Do ponto de vista técnico e administrativo, o principal impacto do projeto incide sobre a desburocratização: a presença de um funcionário na guarita deixa de ser condição exigida para a expedição ou renovação de licenças, alvarás e certidões fundamentais, como o Habite-se.
O texto reconhece legalmente o serviço de portaria remota — operado de forma externa e ininterrupta, 24 horas por dia — como um método válido e legítimo de controle de acesso e segurança. A transição tecnológica, no entanto, mantém a soberania dos condôminos: a implantação de qualquer solução de comunicação, dados e imagem dependerá de aprovação formal em assembleia, adequação à convenção ou previsão estatutária.

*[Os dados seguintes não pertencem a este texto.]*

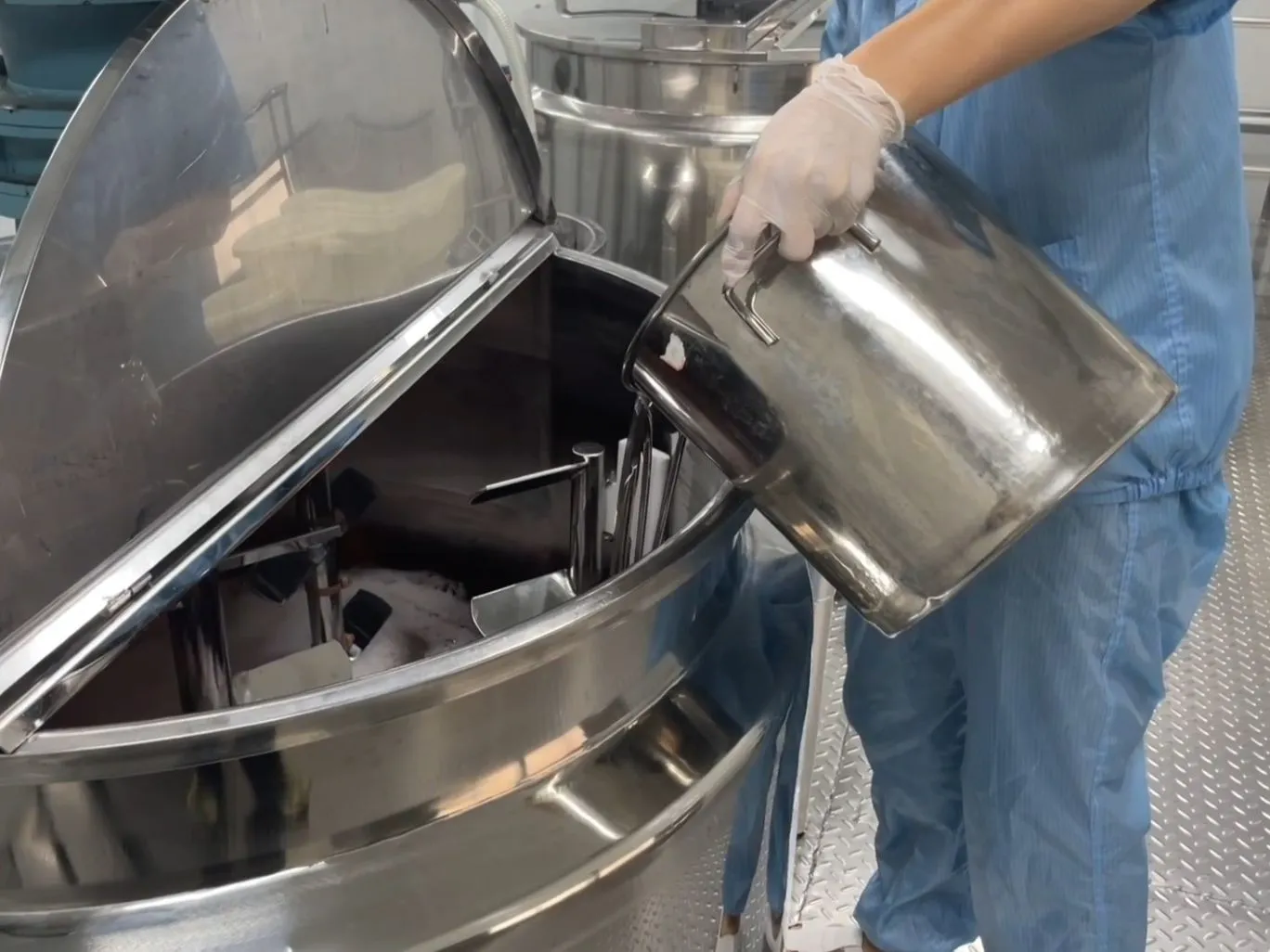 Mouthwash Formulation Mixing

A nova legislação também atua preventivamente contra a insegurança jurídica e burocracias arbitrárias. O dispositivo legal veda explicitamente que órgãos e entidades públicas imponham restrições, exigências adicionais ou tratamento discriminatório aos condomínios em razão da adoção do modelo virtual.
Para o autor da proposta, a matéria atualiza a legislação municipal frente às novas tecnologias de automação aplicadas à segurança. “A portaria remota é uma solução moderna e eficiente; permite o controle de acesso por meio de sistemas avançados de comunicação, imagem e dados, que garantem mais proteção aos moradores e melhor gerenciamento condominial”, destacou o vereador Lucas Kitão.